Reviewed by Judy Richter
San Francisco's iconic Ferry Building has a new neighbor, a white conical tent called the Threesixty Theatre. Inside this temporary space, children and adults are transported into a blend of an old story, JM Barrie's "Peter Pan," and the latest in gee-whiz technology. Presented in the round, this production comes straight from London for its first U.S. appearance. Once the lights go down, the audience is transported into the Darling household's nursery in London some 100 or so years ago.
As the story progresses, however, the three Darling children, led by Peter Pan (Nate Fallows), fly out of their nursery and into the sky over London as a 360-degree bird's eye view of the city and surrounding countryside emerges, thanks to the wonders of computer-generated imagery. It's truly a wondrous experience.
Those who are familiar with the story won't find any new twists, but Tanya Ronder's adaptation and Ben Harrison's direction give it a darker tone than seen in the popular musical theater version. The fairy Tinker Bell (Itxaso Moreno), for example, is a grungy presence with her tattered pink tutu, punkish hairdo and edgy attitude. Fallows makes a believable though somewhat arrogant Peter despite being a little old for the role. The same goes for all of the other actors who play the Darling children -- Abby Ford as Wendy, David Poynor as Michael and Arthur Wilson as John -- and the Lost Boys.

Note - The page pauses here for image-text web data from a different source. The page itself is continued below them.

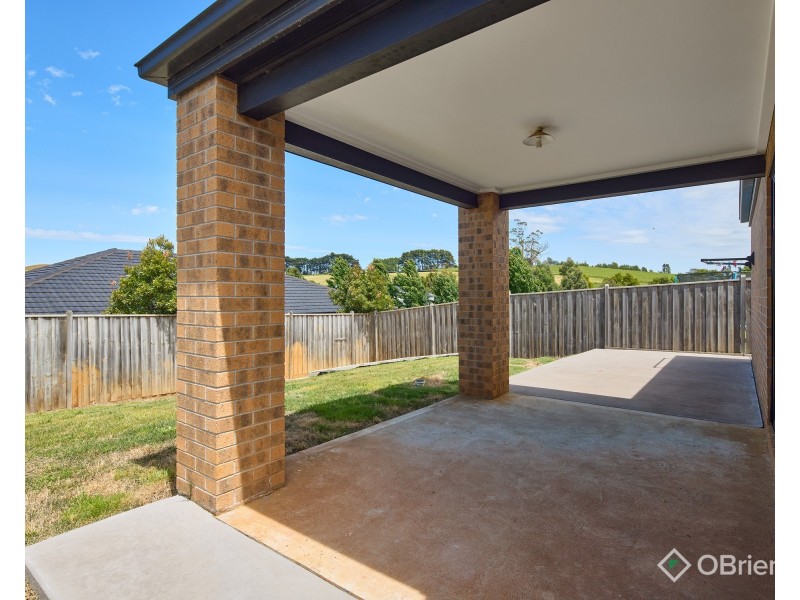 33 Streeton Drive, Warragul VIC 3820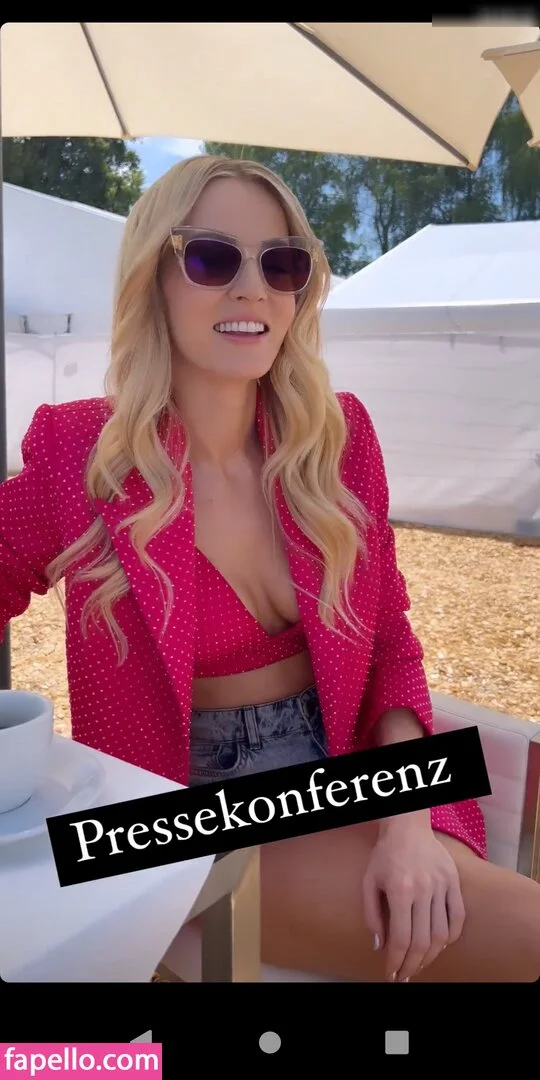 Melissa Naschenweng Onlyfans Photo Gallery 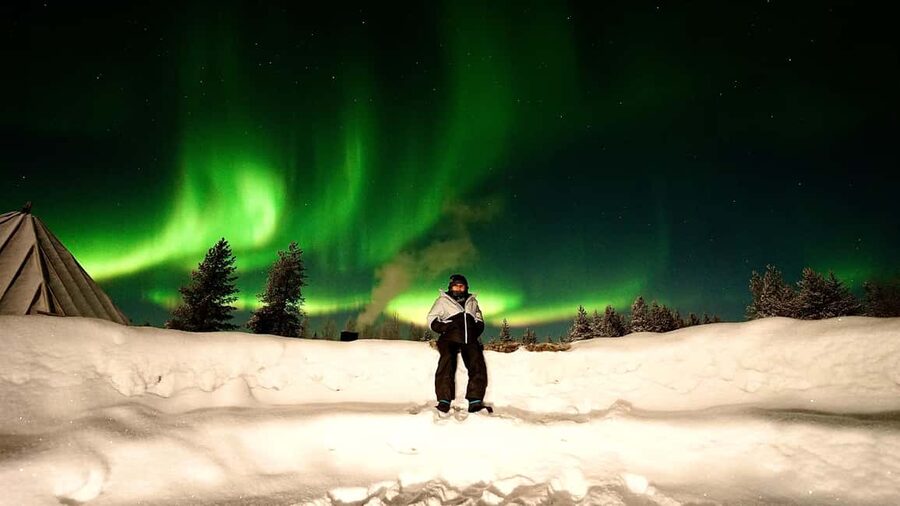 Northern Lights Tour/Trip to a magical place - Waiting for the Northern Lights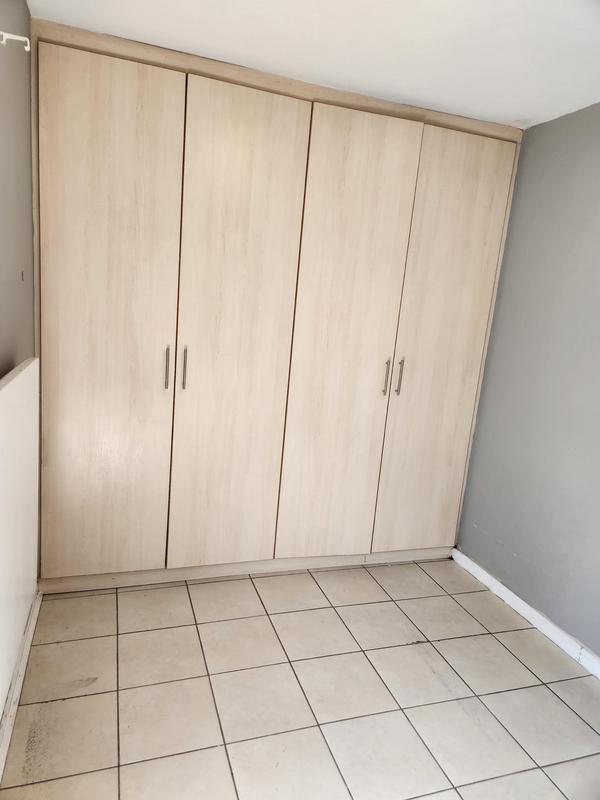 2 Bedroom Property for Sale in Buccleuch Gauteng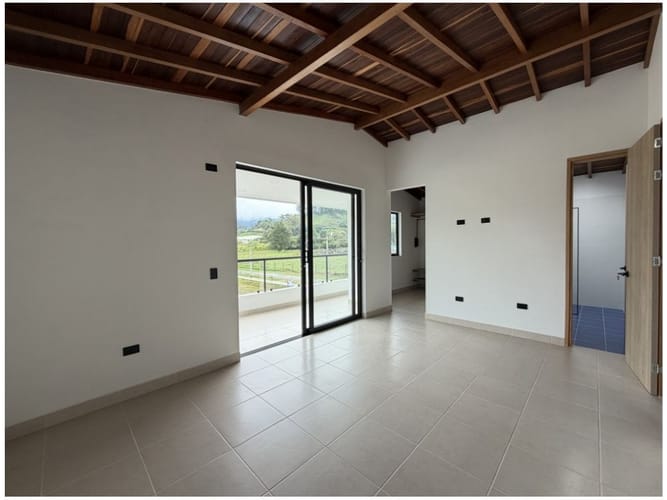 Casa de 3 alcobas en venta en El Tambo, La Ceja, 200 m² · foto 16 de 24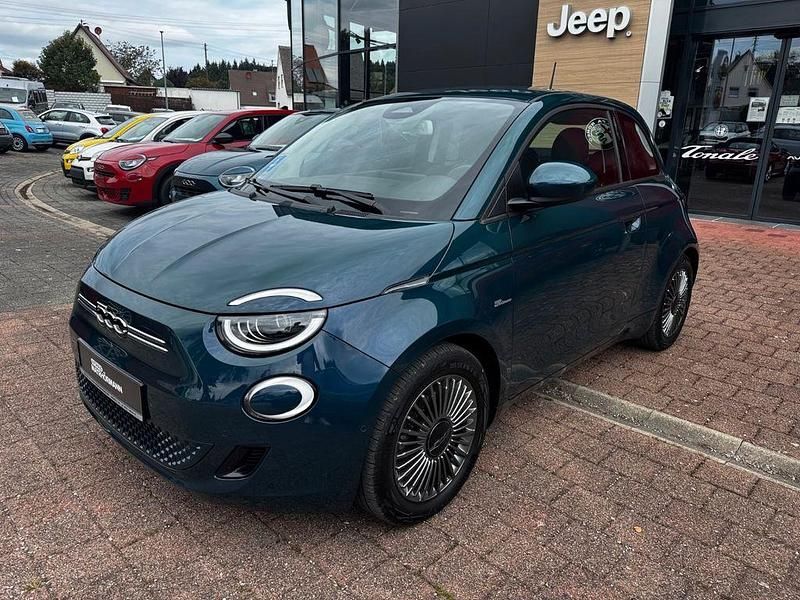 Grün Gebraucht 2021 Fiat 500e Icon Limousine | 18.780 € (Etwas zu teuer) - Bild 1/4
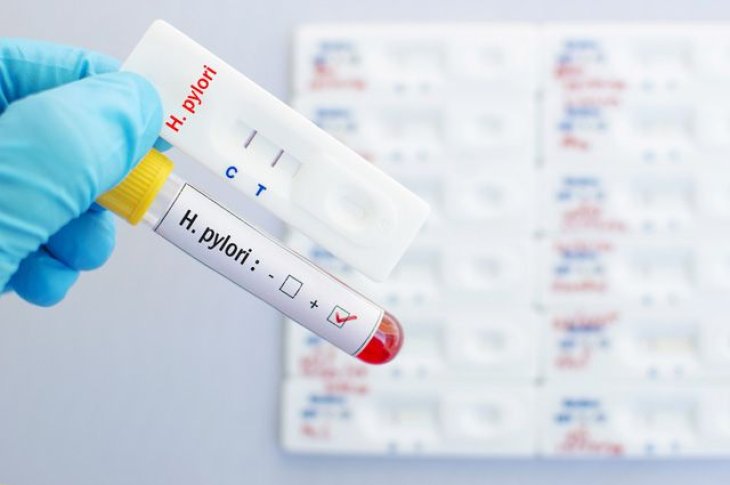 Що може викликати гастрит та чи можуть його провокувати продукти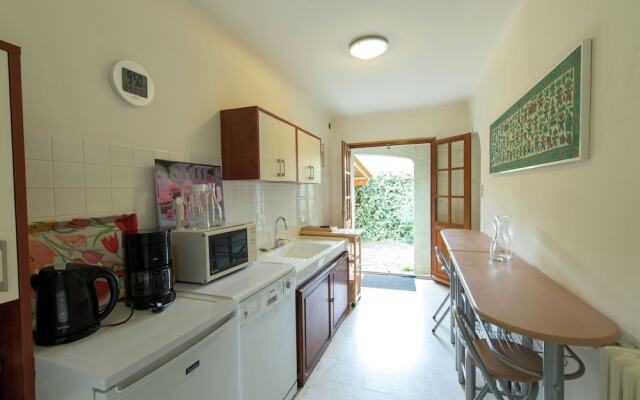 Beautiful Villa in Nyons with Swimming Pool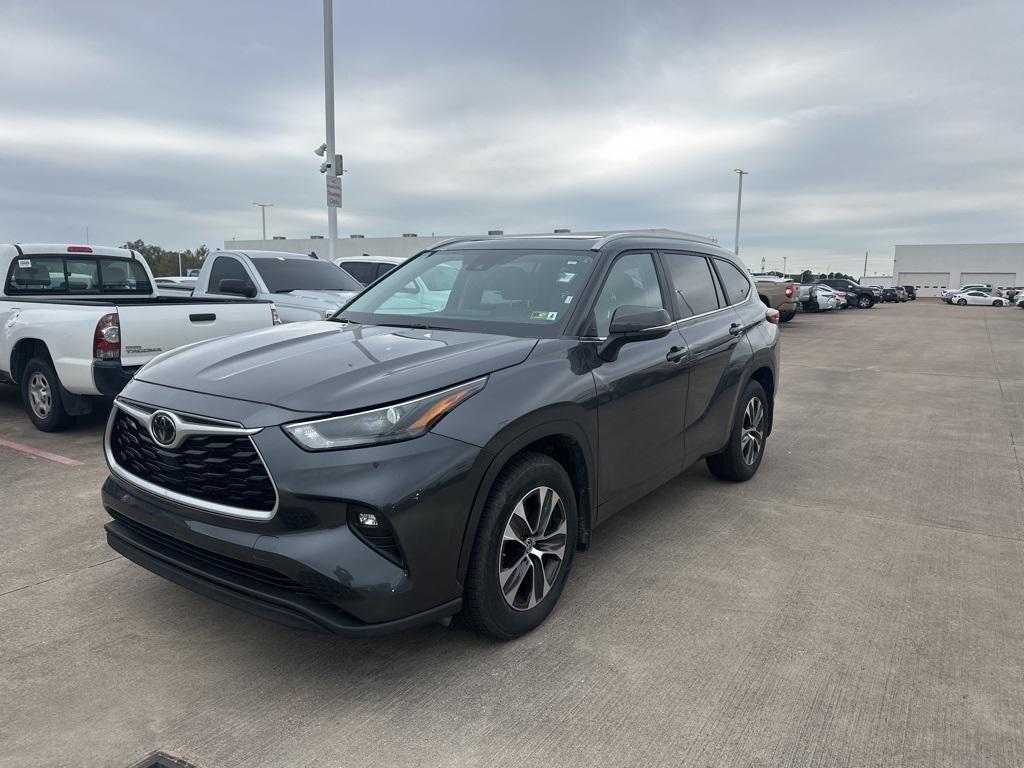 used 2023 Toyota Highlander car, priced at $37,988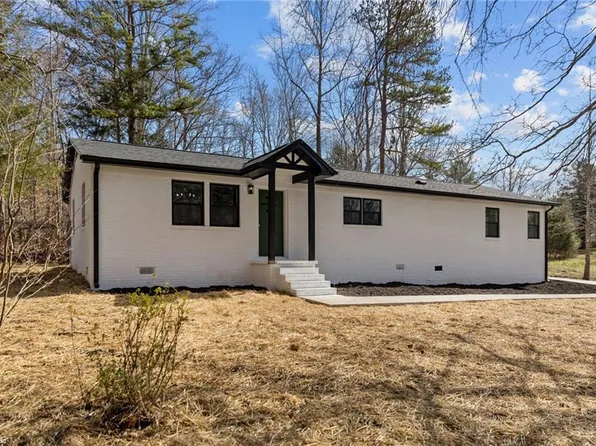 2378 Thayer Rd, Trinity, NC 27370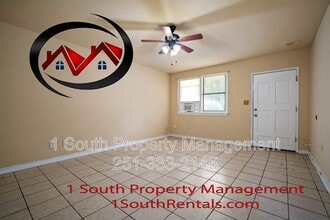 2366 White St in Mobile, AL - Building Photo - Building Photo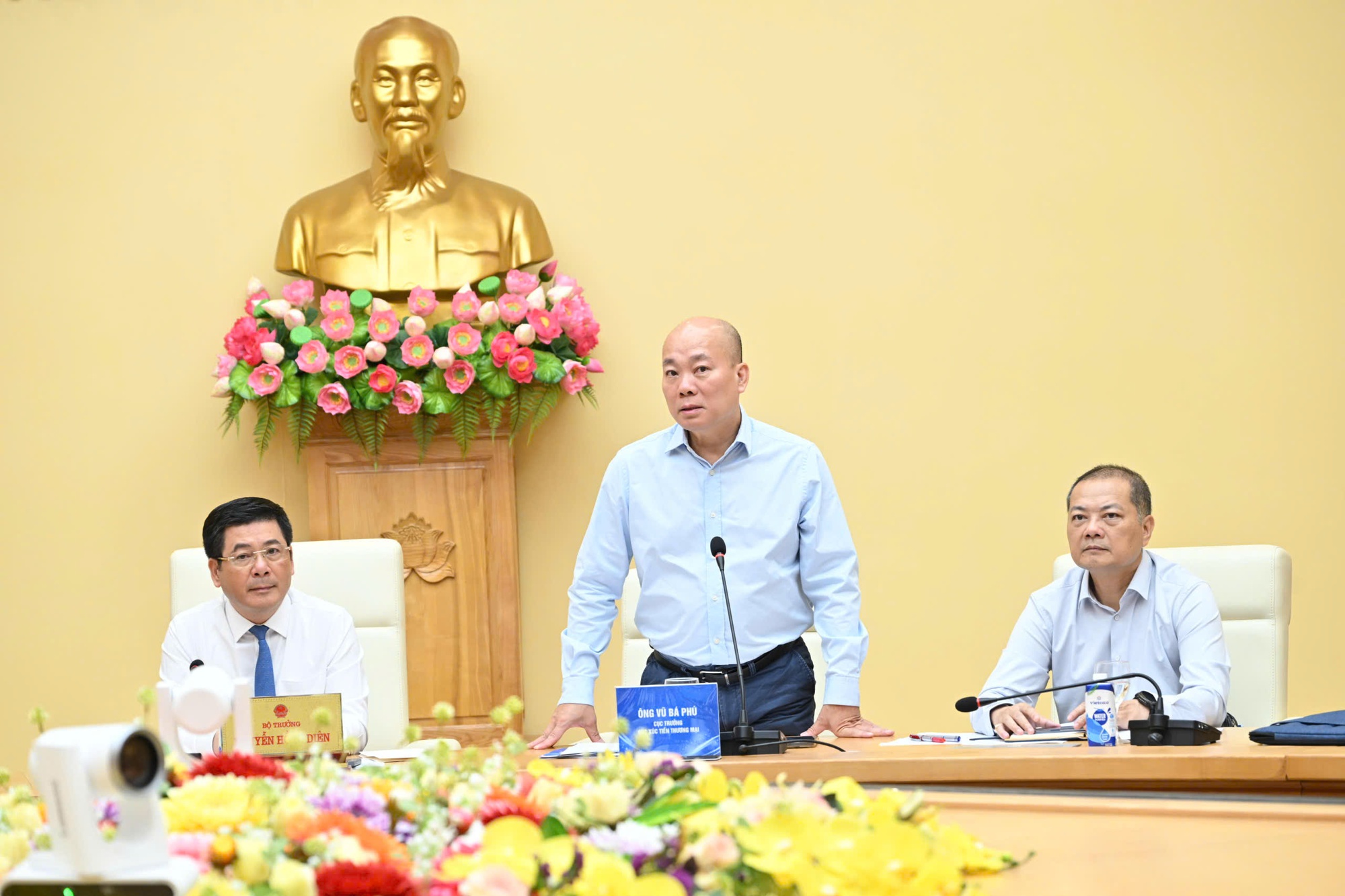 Đa dạng hóa thị trường, sản phẩm: Động lực cho mục tiêu xuất siêu 30 tỷ USD- Ảnh 1. Đa dạng hóa thị trường, sản phẩm: Động lực cho mục tiêu xuất siêu 30 tỷ USD- Ảnh 1.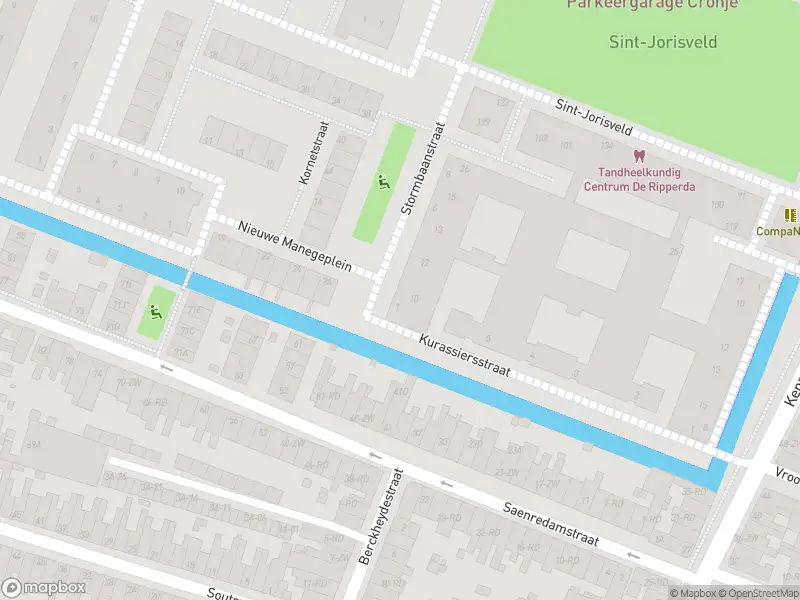 Ambulance met gepaste spoed naar de Stormbaanstraat in Haarlem
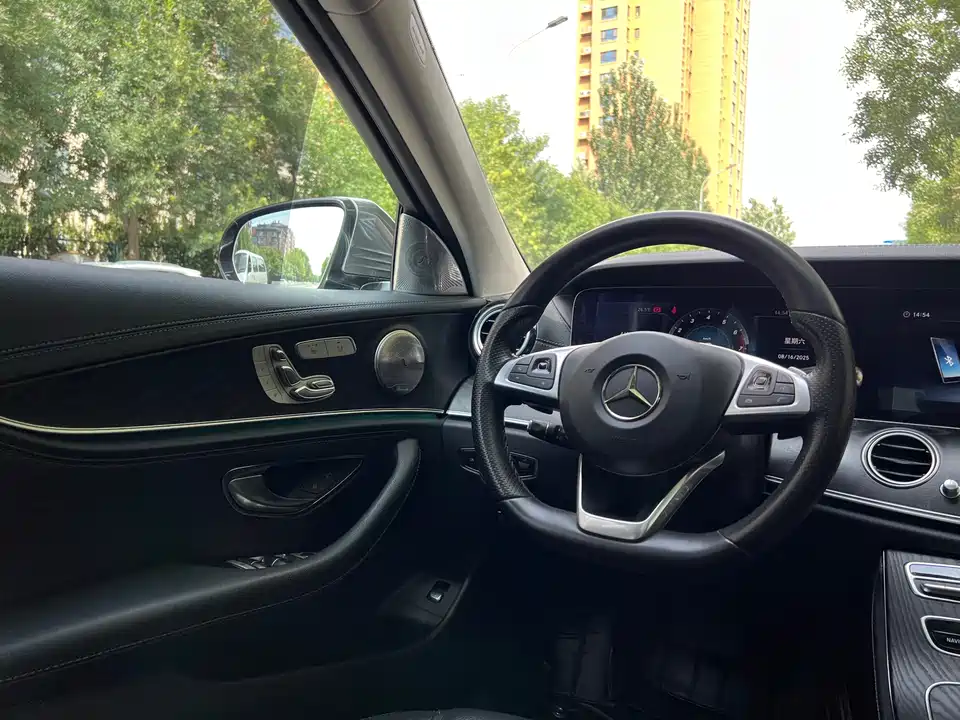 Mercedes-Benz E-class Mercedes-Benz E-class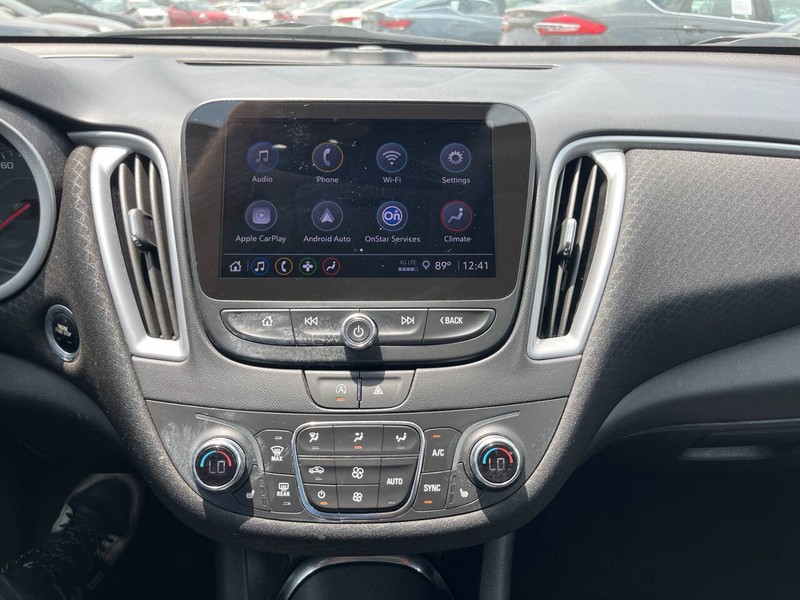 Chevrolet Malibu Vehicle Image 12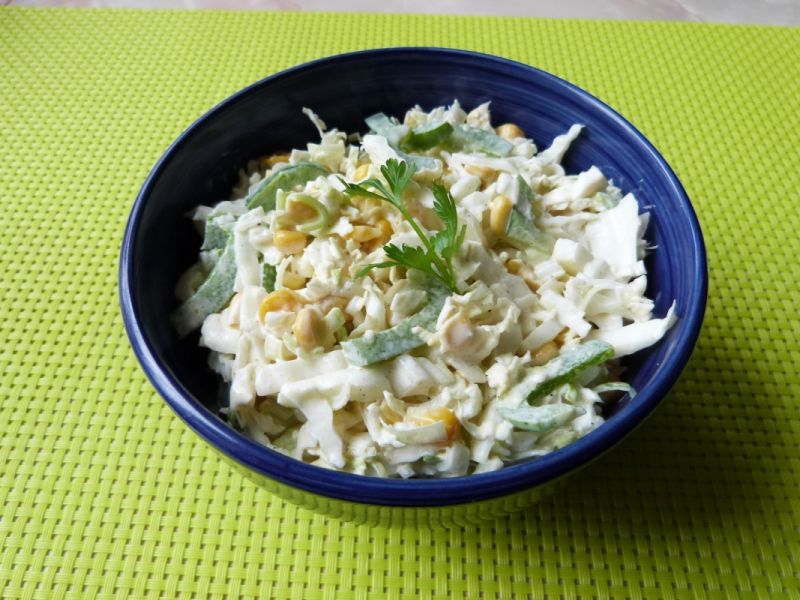 Kapusta pekińska z papryką i przyprawą curry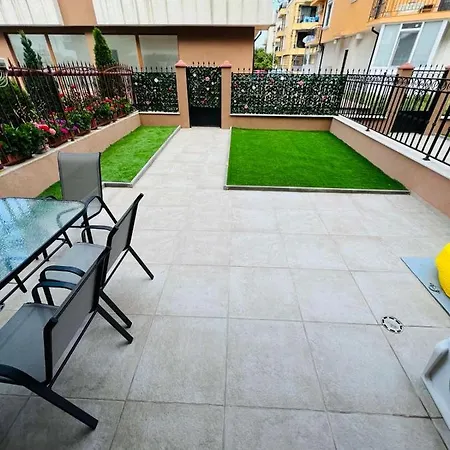 Black Sea Apartment Nesebar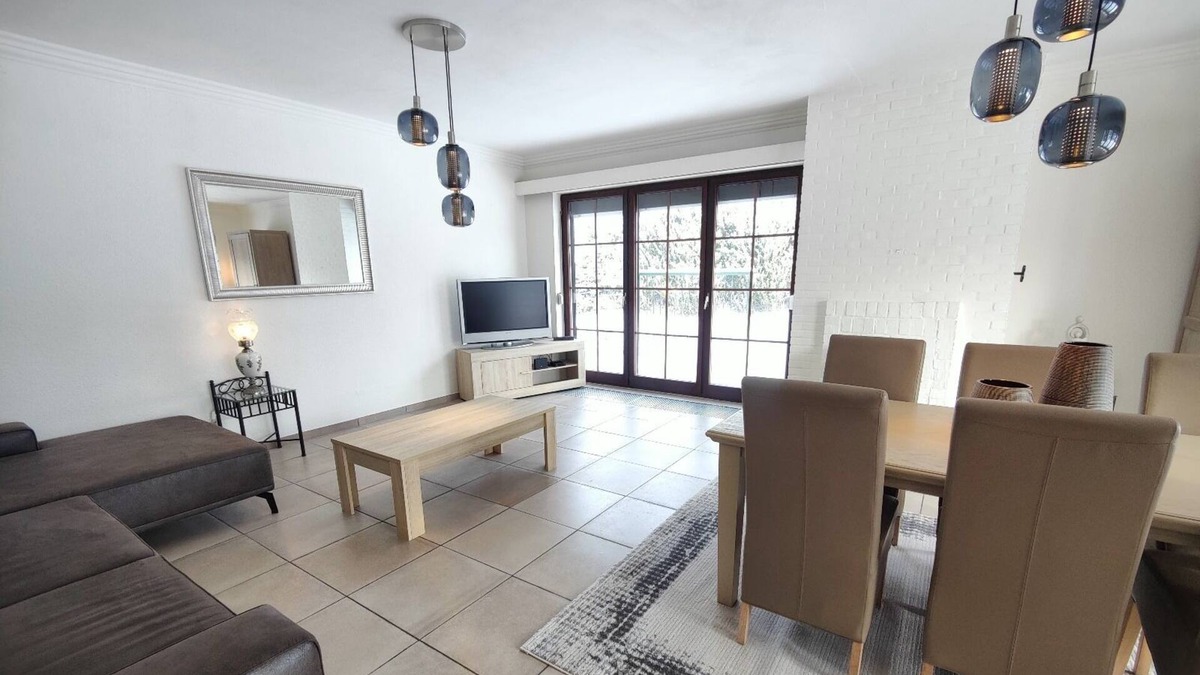 Tongeren House | Een Leuke Locatie om tot Rust te Komen, 3 Slaapkamers, Veranda, Ruime Tuin,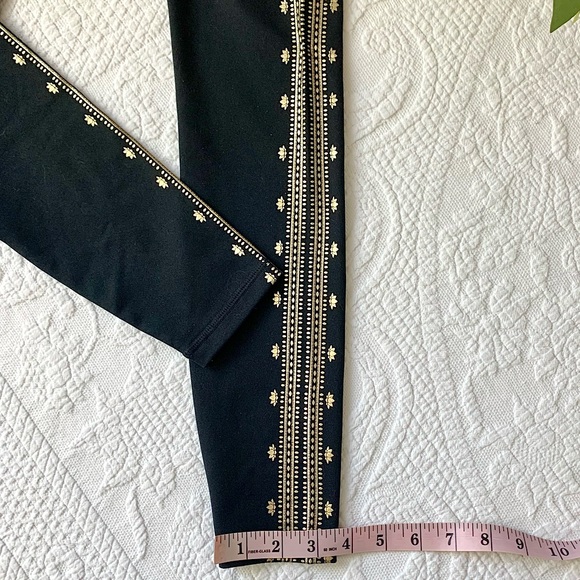 Spiritual Gangster Lotus Leggings black & gold print - Picture 14 of 16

Jonathan Hyde does double duty as the children's fussbudget father and the villainous Captain Hook, who could be more menacing. Perhaps the best cast actor is Shannon Warrick as a maternal Mrs. Darling, along with a short stint as the Neverbird. Antony Strachan also does well as Hook's bemused sidekick, Smee. Nana, the Darling family dog, is a life-size puppet manipulated by Mohsen Nouri, who also is part of the crocodile, one of the more clever bits of stagecraft in the production.
Although the play is advertised as suitable for all ages, it runs a bit long -- two hours and 20 minutes, including intermission -- for the younger set. As for the adults, it's primarily a technological wonder, for the drama itself seems a bit flat with no strong chemistry among the characters.
The sets, costumes and 3D production design are by William Dudley, who uses a series of traps and other devices to facilitate fast set changes. The sound is by Gregory Clarke with lighting by Mark Henderson. The music (most of it recorded) was composed and conducted by Benjamin Wallfisch, but there is some live music, most of it sung and played by the pirates. The choreography is by Fleur Darkin, while the puppetry direction is by Sue Buckmaster.
Although the technology transports the audience to another world, the tent structure brings in occasional traffic noise from the Embarcadero. On the other hand, the chiming of the Ferry Building clock fits in well.